Date Processing

Chapter Updated 2/12/99


The objective of this chapter is to provide information regarding the basic concepts of date arithmetic and supply generic C/C++ date methods.

Two common things of all programmers is that if they write enough code, they will eventually have to deal with dates. They may be Julian dates, Gregorian dates, or a date with their best freind's girl, but they'll eventually be working with dates. The other thing is that most programmers don't have the time or don't want to spend time writing mundane date routines.

To explain how dates work, I'll give a brief overview and history of Julian dates, Gregorian dates, leap years and leap centuries.

Leap Years

Due to the fact that it actually takes about 365 1/4 days for the earth to circle the sun, every fourth year and every fourth century have an extra day added to the end of February and the year is called a leap year. Leap years have 366 days, non leap years have 365 days. The following code segment describes how to determine if a given year is a leap year. A leap year is a year having 366 days, which can be evenly divisible by 4 and not by 100 or divisible by 400. There are also leap centuries. Leap centuries are years which are evenly divisible by 400. To calculate a leap year, the following code segment can be used int year; if(( year % 4 == 0 && year % 100 != 0 ) || year % 400 = 0 ) LEAP_YEAR = TRUE; else LEAP_YEAR = FALSE

Julian Dates

Around the time of Jesus Christ, a fellow with the name of Julias Ceasar established the Julian calendar. The Julian calendar established every fourth year as a leap year with 366 days and all other years having 365 days. The months were set up the same as they are with a Gregorian calendar, which is what we use today. A Julian date is defined as as the number of days from the first day of the year; February 1 would have a Julian day of 32.

From a programmer's perspective, Julian dates are useful for doing date arithmetic, determining the difference between two dates or calculating a future or past date.

To determine the difference between two dates, convert both dates to a Julian date and subtract one from the other.

To calculate a future or past date, convert the base date to a Julian date, add (or subtract) the number of days necessary to (from) it and convert the julian date back to a Gregorian date.

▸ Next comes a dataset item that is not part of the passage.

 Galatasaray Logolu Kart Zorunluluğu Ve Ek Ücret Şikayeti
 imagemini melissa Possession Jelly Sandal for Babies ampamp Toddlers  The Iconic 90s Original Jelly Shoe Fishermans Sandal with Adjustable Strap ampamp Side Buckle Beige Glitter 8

The Julian date routines use a base date of 01/01/1900.

Gregorian Dates

In 1582, Pope Gregor XIII introduced a corrected form of the Julian calendar. Every 4th year still has 366 days except for century years. Century years were added as leap years if evenly divisible by 400. The year 2000 is a leap century.

The methods supplied with this software are based on gregorian dates with the format of CCYYMMDD for century, year, month and day.

CASTELLANO options

There is an option in the options.h file for enabling the date routines to return Spanish values for days, weeks and months.

#define CASTELLANO

Date Formats

All dates are stored in the .DBF files with format CCYYMMDD.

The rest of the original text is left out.